Work order - Copies of all lines containing the string "Live" are needed from the data below.

┏━━

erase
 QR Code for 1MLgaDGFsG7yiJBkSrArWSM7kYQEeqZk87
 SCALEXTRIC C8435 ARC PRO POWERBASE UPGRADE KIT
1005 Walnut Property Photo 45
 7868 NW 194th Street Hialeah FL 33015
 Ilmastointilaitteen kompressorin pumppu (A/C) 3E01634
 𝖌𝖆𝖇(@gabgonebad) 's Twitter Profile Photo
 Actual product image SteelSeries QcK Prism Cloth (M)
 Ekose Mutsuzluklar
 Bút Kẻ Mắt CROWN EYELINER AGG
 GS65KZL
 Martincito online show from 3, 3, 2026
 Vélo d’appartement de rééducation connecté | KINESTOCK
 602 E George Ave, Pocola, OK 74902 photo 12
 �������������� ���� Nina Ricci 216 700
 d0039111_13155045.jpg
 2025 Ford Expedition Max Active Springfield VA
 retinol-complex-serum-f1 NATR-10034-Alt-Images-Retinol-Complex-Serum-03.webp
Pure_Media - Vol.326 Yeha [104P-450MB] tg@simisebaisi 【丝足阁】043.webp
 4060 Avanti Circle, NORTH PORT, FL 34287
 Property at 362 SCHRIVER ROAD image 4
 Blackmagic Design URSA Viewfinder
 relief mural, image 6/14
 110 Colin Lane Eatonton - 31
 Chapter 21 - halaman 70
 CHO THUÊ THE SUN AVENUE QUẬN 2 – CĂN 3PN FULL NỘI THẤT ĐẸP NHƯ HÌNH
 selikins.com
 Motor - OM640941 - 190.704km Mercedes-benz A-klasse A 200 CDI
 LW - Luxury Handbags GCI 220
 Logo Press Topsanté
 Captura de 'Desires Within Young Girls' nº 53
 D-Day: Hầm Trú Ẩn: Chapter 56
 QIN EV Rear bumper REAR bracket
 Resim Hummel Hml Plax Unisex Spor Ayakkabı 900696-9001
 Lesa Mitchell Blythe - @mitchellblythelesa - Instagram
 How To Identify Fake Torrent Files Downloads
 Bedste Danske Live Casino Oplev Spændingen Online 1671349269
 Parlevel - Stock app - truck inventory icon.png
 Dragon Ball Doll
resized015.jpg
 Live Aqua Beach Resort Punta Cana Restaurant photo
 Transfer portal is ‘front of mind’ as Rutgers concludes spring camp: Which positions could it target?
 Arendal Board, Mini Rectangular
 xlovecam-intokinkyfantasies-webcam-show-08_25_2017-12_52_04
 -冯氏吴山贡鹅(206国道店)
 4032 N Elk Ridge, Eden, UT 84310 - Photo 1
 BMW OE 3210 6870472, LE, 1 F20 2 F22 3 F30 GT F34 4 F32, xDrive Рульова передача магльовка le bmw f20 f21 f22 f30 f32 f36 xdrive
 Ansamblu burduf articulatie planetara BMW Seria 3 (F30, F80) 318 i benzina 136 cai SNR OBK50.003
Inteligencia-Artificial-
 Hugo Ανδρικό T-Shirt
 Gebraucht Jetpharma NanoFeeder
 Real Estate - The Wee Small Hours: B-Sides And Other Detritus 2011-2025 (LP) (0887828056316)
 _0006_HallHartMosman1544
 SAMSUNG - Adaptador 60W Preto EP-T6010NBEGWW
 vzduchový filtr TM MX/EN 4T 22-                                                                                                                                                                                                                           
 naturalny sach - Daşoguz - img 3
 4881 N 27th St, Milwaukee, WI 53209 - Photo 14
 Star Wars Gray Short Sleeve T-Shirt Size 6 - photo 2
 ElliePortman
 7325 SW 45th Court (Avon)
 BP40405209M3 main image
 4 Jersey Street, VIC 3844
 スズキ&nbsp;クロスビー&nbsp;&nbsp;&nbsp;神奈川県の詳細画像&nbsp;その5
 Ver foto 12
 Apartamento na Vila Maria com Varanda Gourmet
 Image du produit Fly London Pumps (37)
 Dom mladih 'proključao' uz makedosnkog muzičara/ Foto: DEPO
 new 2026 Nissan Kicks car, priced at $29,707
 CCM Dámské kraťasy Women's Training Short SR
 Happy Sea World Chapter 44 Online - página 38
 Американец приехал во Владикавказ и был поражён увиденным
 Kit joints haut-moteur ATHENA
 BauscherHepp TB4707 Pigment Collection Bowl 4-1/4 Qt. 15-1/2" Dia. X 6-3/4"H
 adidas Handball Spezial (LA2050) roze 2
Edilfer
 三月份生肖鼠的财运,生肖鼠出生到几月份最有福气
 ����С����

┗━━

Task response -
 Bedste Danske Live Casino Oplev Spændingen Online 1671349269
 Live Aqua Beach Resort Punta Cana Restaurant photo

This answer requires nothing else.